Python 3 and C++ compiler required. The command will download the model and the tokenizer.
| Model | Purpose | Size | Command |
|---|---|---|---|
| TinyLlama 1.1B 3T Q40 | Benchmark | 844 MB | python launch.py tinyllama_1_1b_3t_q40 |
| Llama 3 8B Q40 | Benchmark | 6.32 GB | python launch.py llama3_8b_q40 |
| Llama 3 8B Instruct Q40 | Chat, API | 6.32 GB | python launch.py llama3_8b_instruct_q40 |
| Llama 3.1 8B Instruct Q40 | Chat, API | 6.32 GB | python launch.py llama3_1_8b_instruct_q40 |
| Llama 3.1 405B Instruct Q40 | Chat, API | 238 GB | python launch.py llama3_1_405b_instruct_q40 |
| Llama 3.2 1B Instruct Q40 | Chat, API | 1.7 GB | python launch.py llama3_2_1b_instruct_q40 |
| Llama 3.2 3B Instruct Q40 | Chat, API | 3.4 GB | python launch.py llama3_2_3b_instruct_q40 |
Supported architectures: Llama, Mixtral, Grok
- You can run Distributed Llama only on 1, 2, 4... 2^n nodes.

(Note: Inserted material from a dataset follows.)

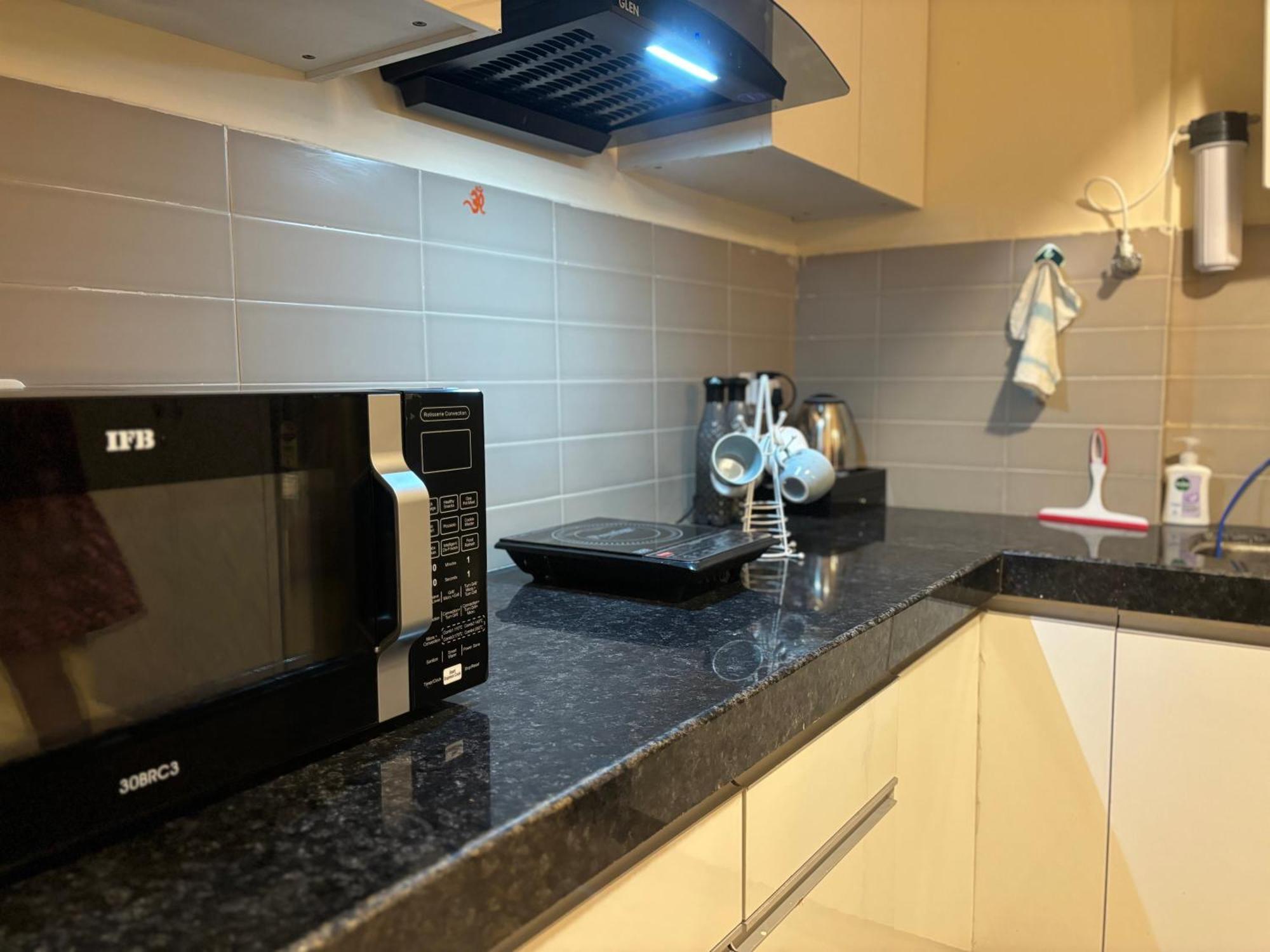 1 Bedroom Luxury With Wifi & Pool Apartment Jaipur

- The maximum number of nodes is equal to the number of KV heads in the model #70.
- CPU support only, GPU support is planned, optimized for (weights format × buffer format):
- ARM CPUs
- ✅ F32 × F32
- ❌ F16 × F32
- ✅ Q40 × F32
- ✅ Q40 × Q80
- x86_64 AVX2 CPUs
- ✅ F32 × F32
- ❌ F16 × F32
- ✅ Q40 × F32
- ✅ Q40 × Q80
- ARM CPUs
The project is split up into two parts:
- Root node - it's responsible for loading the model and weights and forward them to workers. Also, it synchronizes the state of the neural network. The root node is also a worker, it processes own slice of the neural network.
- Worker node - it processes own slice of the neural network. It doesn't require any configuration related to the model.
You always need the root node and you can add 2^n - 1 worker nodes to speed up the inference. The RAM usage of the neural network is split up across all nodes. The root node requires a bit more RAM than worker nodes.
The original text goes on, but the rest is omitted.